**WHAT YOU NEED TO DO:** Below is a block of entries; repeat exactly the lines starting at the line that contains "Maglione beige chiaro" and ending at the line that contains "cream cheese on sesame bun on wood board", both included.

**MATERIAL TO PROCESS:**
- - - - - - -

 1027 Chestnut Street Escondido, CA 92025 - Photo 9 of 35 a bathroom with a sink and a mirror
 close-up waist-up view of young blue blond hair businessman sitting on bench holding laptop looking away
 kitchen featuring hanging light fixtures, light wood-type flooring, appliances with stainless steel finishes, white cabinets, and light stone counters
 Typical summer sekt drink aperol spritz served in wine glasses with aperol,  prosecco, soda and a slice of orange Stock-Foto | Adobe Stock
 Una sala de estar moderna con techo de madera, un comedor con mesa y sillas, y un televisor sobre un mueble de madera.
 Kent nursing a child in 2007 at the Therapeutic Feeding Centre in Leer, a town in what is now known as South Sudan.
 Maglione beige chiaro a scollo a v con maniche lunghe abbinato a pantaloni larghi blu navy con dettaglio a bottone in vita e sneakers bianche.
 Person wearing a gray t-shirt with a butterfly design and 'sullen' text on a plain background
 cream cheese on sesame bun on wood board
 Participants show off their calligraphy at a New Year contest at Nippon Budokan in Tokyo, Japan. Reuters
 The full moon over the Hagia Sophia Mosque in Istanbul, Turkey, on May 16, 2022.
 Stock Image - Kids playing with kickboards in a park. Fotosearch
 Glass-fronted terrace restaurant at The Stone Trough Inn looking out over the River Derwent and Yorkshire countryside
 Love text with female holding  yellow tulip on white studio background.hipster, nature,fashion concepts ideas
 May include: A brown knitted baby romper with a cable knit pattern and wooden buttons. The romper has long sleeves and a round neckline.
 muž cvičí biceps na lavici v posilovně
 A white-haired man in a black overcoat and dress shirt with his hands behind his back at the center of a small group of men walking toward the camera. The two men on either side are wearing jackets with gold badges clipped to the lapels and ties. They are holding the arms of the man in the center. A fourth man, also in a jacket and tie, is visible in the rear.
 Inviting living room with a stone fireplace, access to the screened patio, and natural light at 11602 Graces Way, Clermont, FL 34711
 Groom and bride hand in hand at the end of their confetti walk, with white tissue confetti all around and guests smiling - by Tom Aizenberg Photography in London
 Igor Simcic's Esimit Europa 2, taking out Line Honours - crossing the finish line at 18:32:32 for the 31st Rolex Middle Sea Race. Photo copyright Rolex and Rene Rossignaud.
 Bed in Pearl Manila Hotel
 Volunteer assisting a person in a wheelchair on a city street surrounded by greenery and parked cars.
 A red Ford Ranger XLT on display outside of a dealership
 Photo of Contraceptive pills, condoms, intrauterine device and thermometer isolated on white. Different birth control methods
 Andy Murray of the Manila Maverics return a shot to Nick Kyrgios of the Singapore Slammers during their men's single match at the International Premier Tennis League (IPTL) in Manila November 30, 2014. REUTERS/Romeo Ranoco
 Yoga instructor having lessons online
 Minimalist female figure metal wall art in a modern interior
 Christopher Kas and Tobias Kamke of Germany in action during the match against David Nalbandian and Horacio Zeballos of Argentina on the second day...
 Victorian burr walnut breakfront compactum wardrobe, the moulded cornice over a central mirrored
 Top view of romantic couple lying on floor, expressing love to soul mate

- - - - - - -

**OUTPUT FOR THIS TASK:**
 Maglione beige chiaro a scollo a v con maniche lunghe abbinato a pantaloni larghi blu navy con dettaglio a bottone in vita e sneakers bianche.
 Person wearing a gray t-shirt with a butterfly design and 'sullen' text on a plain background
 cream cheese on sesame bun on wood board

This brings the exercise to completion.